-------- RECORDED DATA

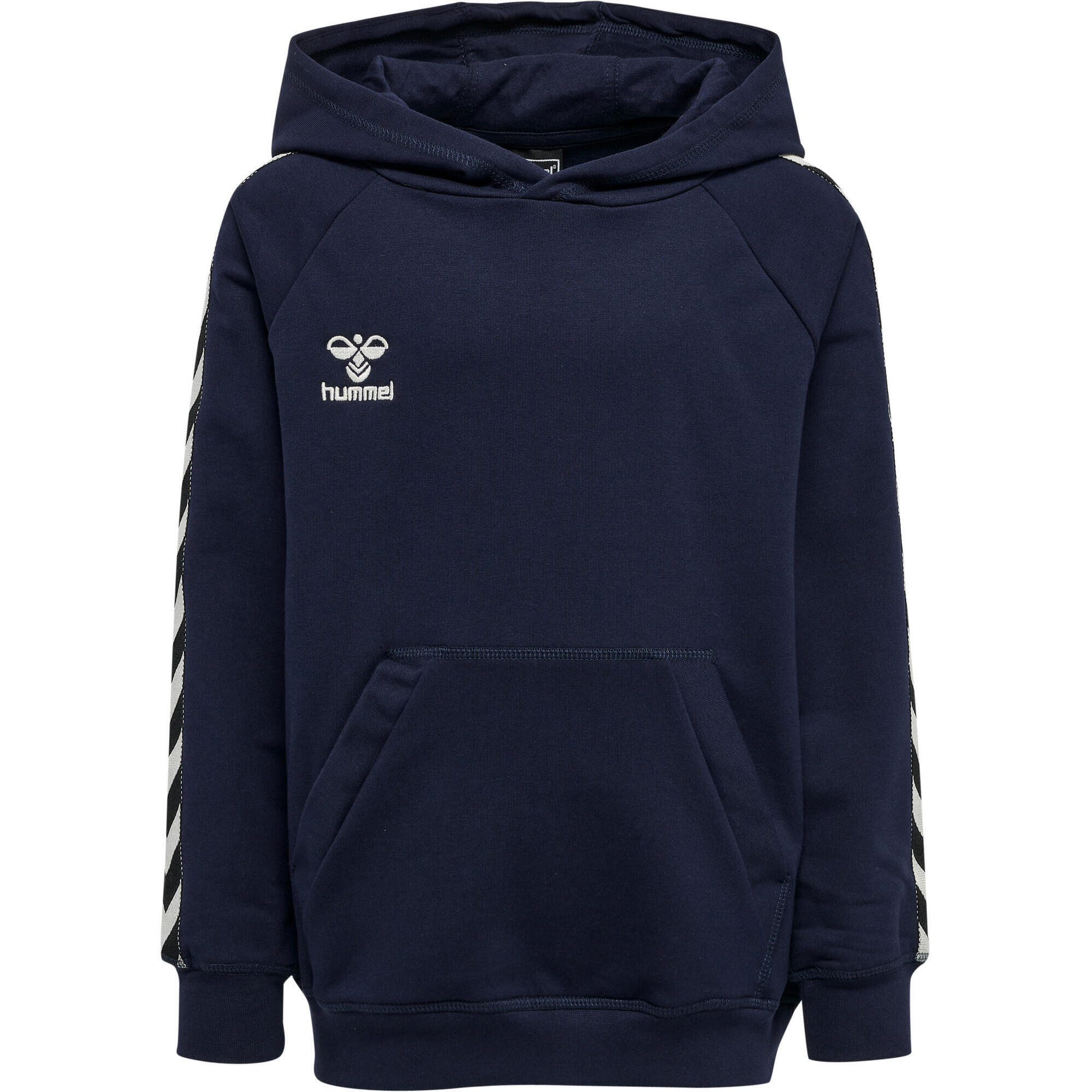 Children's hooded sweatshirt Hummel Move Clasic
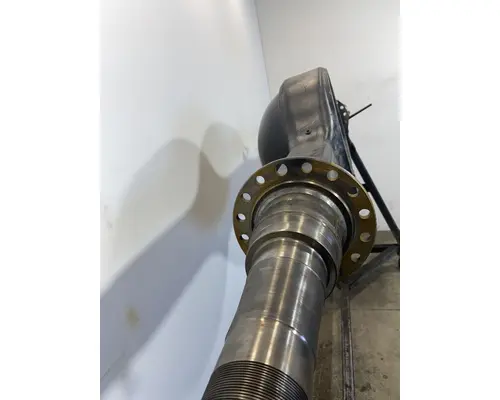 MERITOR RR-23-160 Axle Housing (Rear)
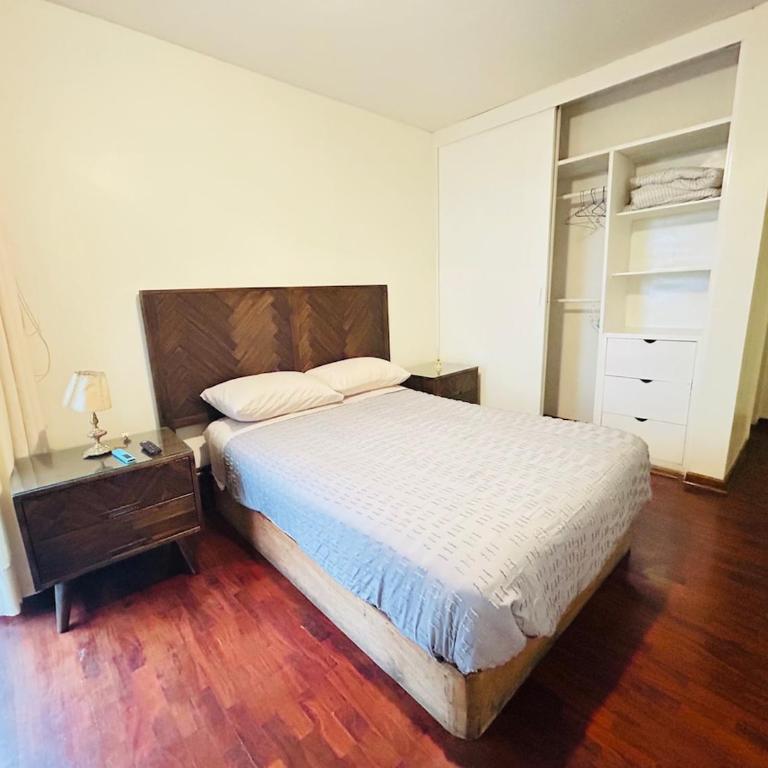 cozy apartment Miraflores Kennedy view - Apartamento de 3 dormitorios - 51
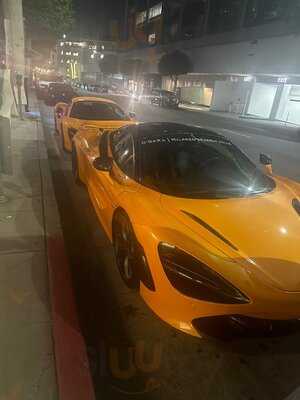 Cipriani Beverly Hills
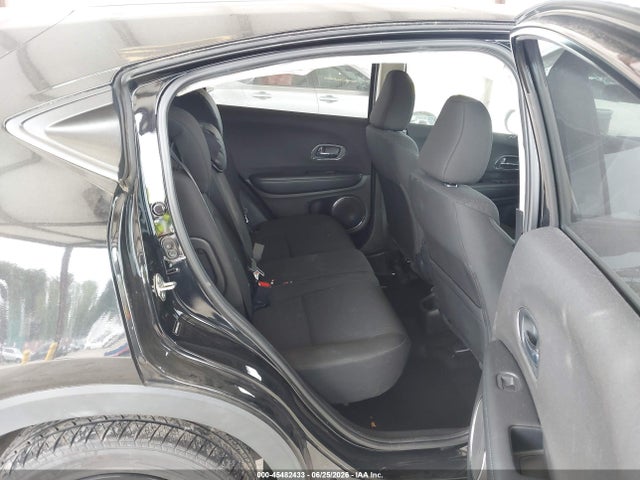 3CZRU6H58JG710642 Honda HR-V EX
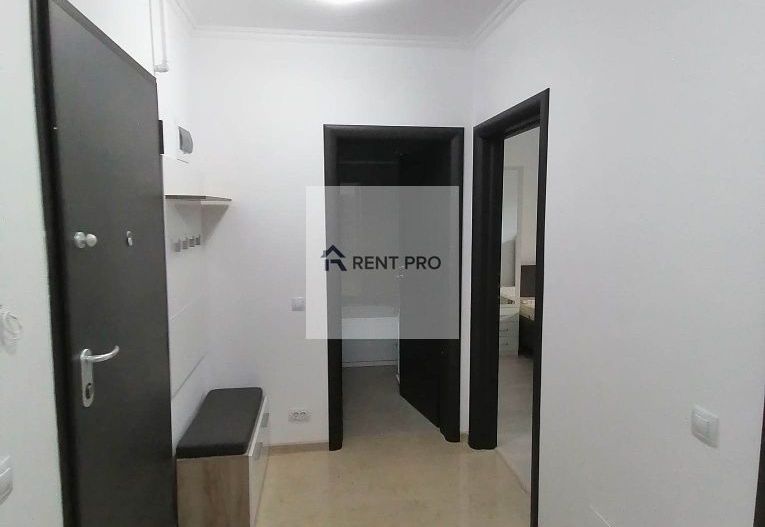Garsonieră de vânzare | Plaza Residence | 35 mp | Etaj 2 | Lujerului - Poză 6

----------------

Could you restate every entry above word for word, leaving out the pictures?

§ **EXERCISE RESPONSE**
 Children's hooded sweatshirt Hummel Move Clasic
 MERITOR RR-23-160 Axle Housing (Rear)
 cozy apartment Miraflores Kennedy view - Apartamento de 3 dormitorios - 51
 Cipriani Beverly Hills
 3CZRU6H58JG710642 Honda HR-V EX
Garsonieră de vânzare | Plaza Residence | 35 mp | Etaj 2 | Lujerului - Poză 6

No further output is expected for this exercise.